Northanger Abbey at Orange Tree Theatre review: Austen would thoroughly approve of this playful adaptation

Rebecca Banatvala (Cath), Sam Newton (Hen) (Pamela Raith)
Rebecca Banatvala (Cath), Sam Newton (Hen) (Pamela Raith)

This smartly playful adaptation of Jane Austen’s first completed novel is a purist’s nightmare, but I reckon Austen would thoroughly approve. Playwright Zoe Cooper merges the author with her heroine Catherine Morland and suggests that perhaps the book’s real romance lies between Catherine and her best friend Isabella, rather than her ostensible beau Henry, with his fastidious manners and interest in women’s fashion.

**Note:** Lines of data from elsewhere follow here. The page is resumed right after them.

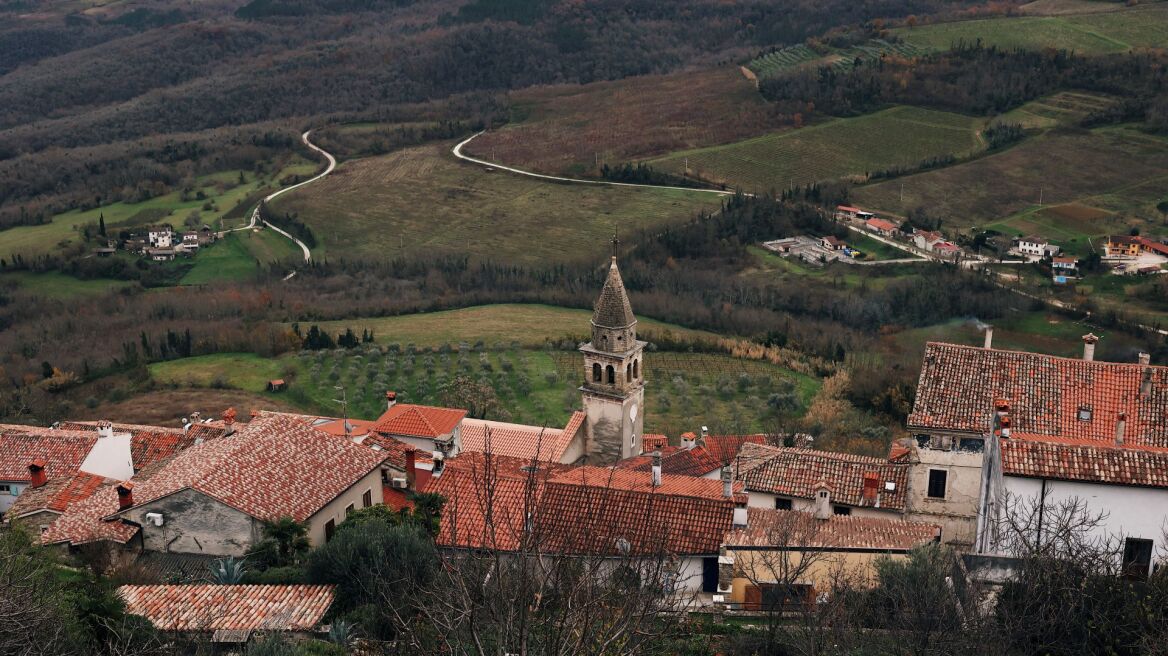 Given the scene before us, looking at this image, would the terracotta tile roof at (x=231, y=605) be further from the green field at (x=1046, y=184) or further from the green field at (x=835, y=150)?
the green field at (x=835, y=150)

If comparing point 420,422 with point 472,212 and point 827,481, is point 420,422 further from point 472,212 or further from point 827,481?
point 472,212

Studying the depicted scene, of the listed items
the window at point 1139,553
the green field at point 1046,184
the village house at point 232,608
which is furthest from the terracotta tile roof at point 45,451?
the green field at point 1046,184

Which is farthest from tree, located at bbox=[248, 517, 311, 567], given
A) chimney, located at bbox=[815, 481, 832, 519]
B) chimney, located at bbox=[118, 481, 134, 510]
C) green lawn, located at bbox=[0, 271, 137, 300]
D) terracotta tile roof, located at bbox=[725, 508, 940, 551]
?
green lawn, located at bbox=[0, 271, 137, 300]

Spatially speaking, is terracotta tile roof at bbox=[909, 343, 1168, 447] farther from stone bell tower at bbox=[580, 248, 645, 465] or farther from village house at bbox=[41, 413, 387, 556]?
village house at bbox=[41, 413, 387, 556]

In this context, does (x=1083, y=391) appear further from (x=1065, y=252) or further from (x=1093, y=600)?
(x=1065, y=252)

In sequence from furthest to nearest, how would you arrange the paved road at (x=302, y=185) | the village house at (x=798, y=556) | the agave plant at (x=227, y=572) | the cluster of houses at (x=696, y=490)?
1. the paved road at (x=302, y=185)
2. the agave plant at (x=227, y=572)
3. the village house at (x=798, y=556)
4. the cluster of houses at (x=696, y=490)

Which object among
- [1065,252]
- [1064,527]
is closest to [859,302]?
[1065,252] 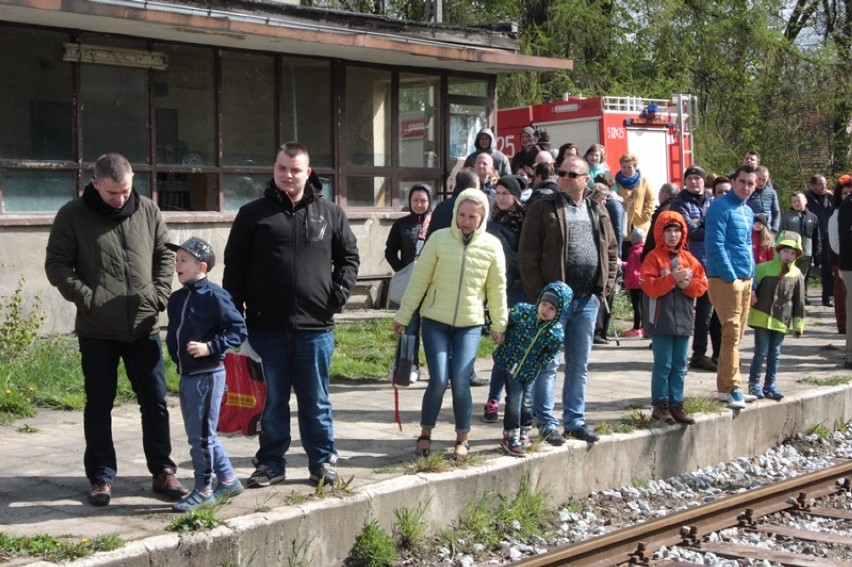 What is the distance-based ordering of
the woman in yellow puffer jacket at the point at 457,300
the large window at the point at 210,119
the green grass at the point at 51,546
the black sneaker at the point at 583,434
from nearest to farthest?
the green grass at the point at 51,546 → the woman in yellow puffer jacket at the point at 457,300 → the black sneaker at the point at 583,434 → the large window at the point at 210,119

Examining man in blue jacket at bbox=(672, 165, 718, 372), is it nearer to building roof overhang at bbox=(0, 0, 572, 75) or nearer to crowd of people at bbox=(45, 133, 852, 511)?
crowd of people at bbox=(45, 133, 852, 511)

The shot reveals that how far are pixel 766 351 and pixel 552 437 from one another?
3.19m

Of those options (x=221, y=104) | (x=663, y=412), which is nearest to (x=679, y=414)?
(x=663, y=412)

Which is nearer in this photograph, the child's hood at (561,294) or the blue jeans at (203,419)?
the blue jeans at (203,419)

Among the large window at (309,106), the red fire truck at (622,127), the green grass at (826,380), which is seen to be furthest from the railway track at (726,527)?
the red fire truck at (622,127)

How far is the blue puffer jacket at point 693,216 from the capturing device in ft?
39.4

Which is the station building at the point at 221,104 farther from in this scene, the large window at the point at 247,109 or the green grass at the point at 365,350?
the green grass at the point at 365,350

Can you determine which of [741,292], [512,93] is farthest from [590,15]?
[741,292]

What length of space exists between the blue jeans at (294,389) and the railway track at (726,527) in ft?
4.71

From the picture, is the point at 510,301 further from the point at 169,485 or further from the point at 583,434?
the point at 169,485

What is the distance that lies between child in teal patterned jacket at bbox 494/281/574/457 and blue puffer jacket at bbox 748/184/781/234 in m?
6.64

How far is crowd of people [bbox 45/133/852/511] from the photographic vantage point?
659 cm

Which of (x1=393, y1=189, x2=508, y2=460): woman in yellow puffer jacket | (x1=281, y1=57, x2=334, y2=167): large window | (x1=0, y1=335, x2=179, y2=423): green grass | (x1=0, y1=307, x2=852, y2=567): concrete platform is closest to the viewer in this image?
(x1=0, y1=307, x2=852, y2=567): concrete platform

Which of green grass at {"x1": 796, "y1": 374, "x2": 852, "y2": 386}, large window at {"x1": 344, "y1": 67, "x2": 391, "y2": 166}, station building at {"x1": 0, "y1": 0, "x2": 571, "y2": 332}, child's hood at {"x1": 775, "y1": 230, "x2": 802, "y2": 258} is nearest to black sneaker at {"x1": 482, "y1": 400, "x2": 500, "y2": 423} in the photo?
child's hood at {"x1": 775, "y1": 230, "x2": 802, "y2": 258} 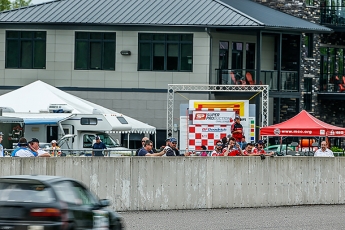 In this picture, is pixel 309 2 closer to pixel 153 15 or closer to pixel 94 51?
pixel 153 15

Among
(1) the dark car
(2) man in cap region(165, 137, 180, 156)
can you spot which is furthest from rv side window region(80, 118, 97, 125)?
(1) the dark car

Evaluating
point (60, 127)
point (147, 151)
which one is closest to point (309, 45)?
point (60, 127)

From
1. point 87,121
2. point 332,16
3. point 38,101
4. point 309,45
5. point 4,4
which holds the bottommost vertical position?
point 87,121

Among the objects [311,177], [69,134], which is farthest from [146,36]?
[311,177]

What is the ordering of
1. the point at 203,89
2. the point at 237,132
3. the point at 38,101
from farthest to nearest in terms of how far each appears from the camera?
the point at 203,89
the point at 38,101
the point at 237,132

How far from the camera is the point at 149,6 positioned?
42281 millimetres

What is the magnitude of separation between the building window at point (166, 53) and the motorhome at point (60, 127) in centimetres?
924

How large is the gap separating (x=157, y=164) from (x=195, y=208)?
4.41 feet

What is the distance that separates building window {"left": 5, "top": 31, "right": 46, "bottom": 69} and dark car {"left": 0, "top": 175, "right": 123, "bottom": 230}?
94.7ft

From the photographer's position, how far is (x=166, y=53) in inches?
1614

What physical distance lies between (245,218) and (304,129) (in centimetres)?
1322

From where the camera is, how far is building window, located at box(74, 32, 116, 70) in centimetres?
4091

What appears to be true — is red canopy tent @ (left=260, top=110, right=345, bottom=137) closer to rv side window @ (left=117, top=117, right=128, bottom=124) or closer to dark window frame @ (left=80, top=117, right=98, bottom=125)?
rv side window @ (left=117, top=117, right=128, bottom=124)

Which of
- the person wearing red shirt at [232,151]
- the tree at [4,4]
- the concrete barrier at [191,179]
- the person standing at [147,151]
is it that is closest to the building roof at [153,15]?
the person wearing red shirt at [232,151]
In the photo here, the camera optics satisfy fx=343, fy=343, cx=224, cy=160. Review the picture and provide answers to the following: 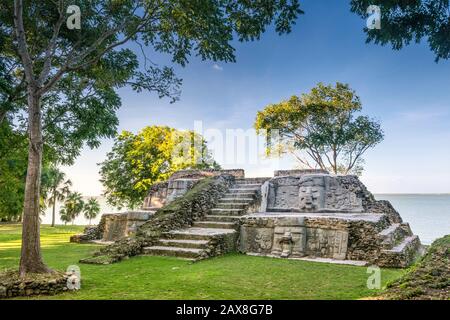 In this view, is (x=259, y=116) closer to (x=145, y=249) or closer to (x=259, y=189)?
(x=259, y=189)

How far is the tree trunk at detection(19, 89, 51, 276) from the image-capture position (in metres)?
6.22

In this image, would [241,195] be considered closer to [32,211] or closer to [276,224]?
[276,224]

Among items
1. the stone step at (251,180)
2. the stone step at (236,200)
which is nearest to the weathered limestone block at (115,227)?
the stone step at (236,200)

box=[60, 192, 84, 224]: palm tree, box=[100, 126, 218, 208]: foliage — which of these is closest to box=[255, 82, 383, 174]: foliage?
box=[100, 126, 218, 208]: foliage

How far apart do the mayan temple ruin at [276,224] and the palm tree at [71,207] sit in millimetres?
44105

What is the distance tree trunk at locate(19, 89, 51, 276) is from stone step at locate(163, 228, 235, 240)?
4.43 meters

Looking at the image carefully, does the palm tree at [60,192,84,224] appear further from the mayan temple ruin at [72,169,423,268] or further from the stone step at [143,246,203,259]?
the stone step at [143,246,203,259]

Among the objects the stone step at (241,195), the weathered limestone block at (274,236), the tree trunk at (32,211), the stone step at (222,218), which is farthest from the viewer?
the stone step at (241,195)

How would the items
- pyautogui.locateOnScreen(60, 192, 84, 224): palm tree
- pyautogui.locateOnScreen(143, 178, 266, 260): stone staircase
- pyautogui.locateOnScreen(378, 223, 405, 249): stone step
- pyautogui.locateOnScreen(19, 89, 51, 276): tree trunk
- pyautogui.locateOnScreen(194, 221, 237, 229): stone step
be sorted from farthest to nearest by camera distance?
pyautogui.locateOnScreen(60, 192, 84, 224): palm tree < pyautogui.locateOnScreen(194, 221, 237, 229): stone step < pyautogui.locateOnScreen(143, 178, 266, 260): stone staircase < pyautogui.locateOnScreen(378, 223, 405, 249): stone step < pyautogui.locateOnScreen(19, 89, 51, 276): tree trunk

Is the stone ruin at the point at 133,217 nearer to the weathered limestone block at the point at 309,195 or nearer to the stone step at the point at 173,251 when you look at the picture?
the stone step at the point at 173,251

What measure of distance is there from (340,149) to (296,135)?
3.48 meters

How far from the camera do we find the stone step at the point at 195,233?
32.7 feet

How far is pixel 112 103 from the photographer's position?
10695mm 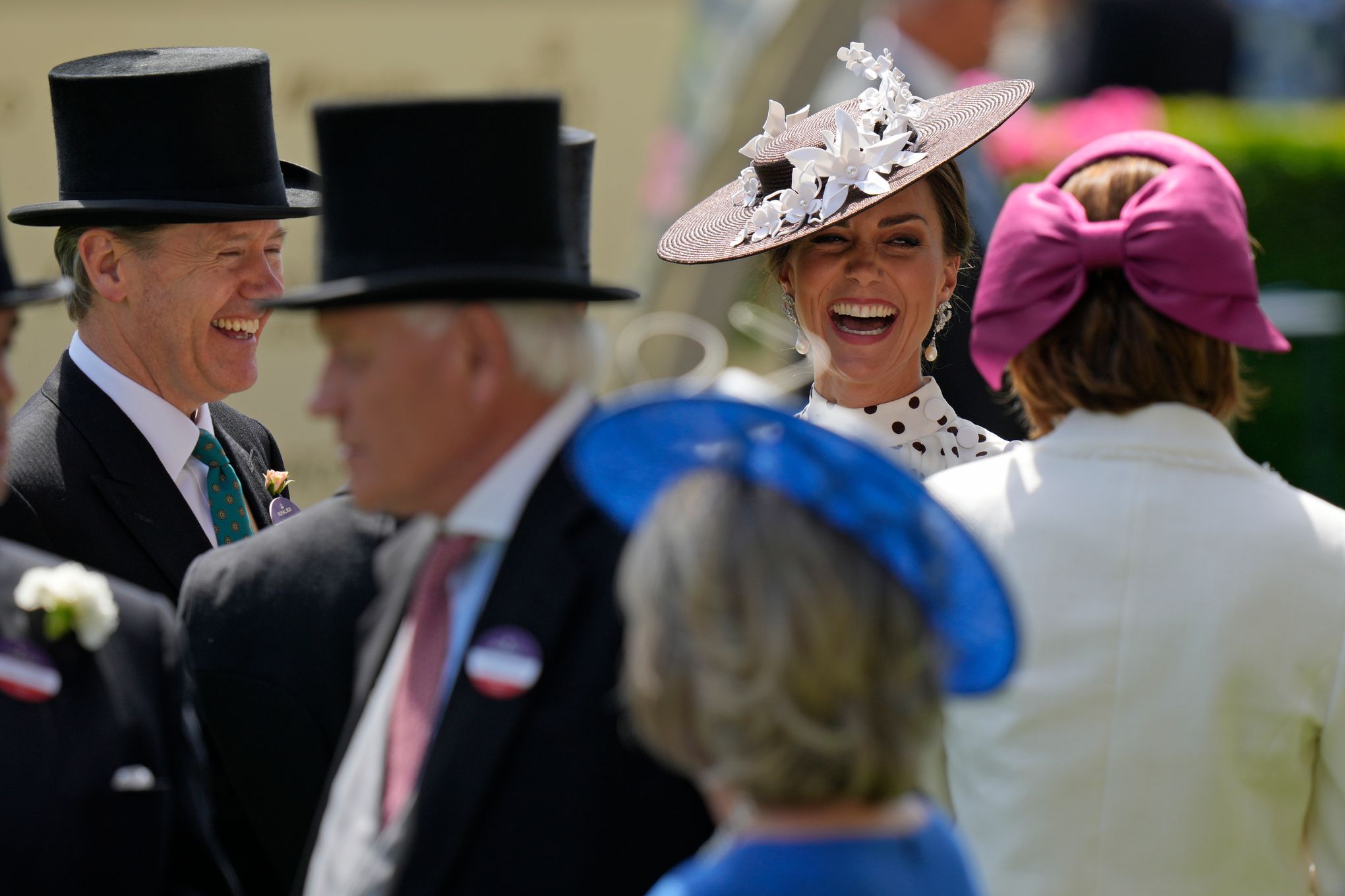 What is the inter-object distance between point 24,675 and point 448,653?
1.75ft

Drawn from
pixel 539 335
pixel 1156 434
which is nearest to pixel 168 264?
pixel 539 335

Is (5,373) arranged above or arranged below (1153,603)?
above

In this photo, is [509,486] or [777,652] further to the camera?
[509,486]

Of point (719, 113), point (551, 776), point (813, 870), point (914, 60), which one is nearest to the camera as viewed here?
point (813, 870)

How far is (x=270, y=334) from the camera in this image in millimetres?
6840

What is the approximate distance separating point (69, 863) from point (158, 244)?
207 cm

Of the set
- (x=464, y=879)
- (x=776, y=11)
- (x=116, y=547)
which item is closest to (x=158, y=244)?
(x=116, y=547)

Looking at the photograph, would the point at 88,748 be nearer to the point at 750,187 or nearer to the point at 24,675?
the point at 24,675

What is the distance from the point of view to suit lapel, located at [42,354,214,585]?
11.6 ft

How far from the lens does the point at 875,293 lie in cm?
371

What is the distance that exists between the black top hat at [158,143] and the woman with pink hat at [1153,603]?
1.98 m

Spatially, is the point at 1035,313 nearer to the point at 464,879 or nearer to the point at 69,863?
the point at 464,879

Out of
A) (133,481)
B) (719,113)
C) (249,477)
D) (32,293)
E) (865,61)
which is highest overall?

It’s performed by three wryly charming actors deftly chopping and changing roles on a hot-pink stage, with little more than trunks and chandeliers as props. Yet it asks big, clever questions about personal agency, authorship and control. The script switches between first and third person narratives and different time periods and tenses: I had to look up what turned out to be the Future Perfect.

The brio of Tessa Walker’s co-production for the Orange Tree and theatres in Bolton, Scarborough and Keswick, falters at the end when the script also loses momentum. I still loved it because, like Northanger Abbey, it’s about imagination, and testing the limits of convention.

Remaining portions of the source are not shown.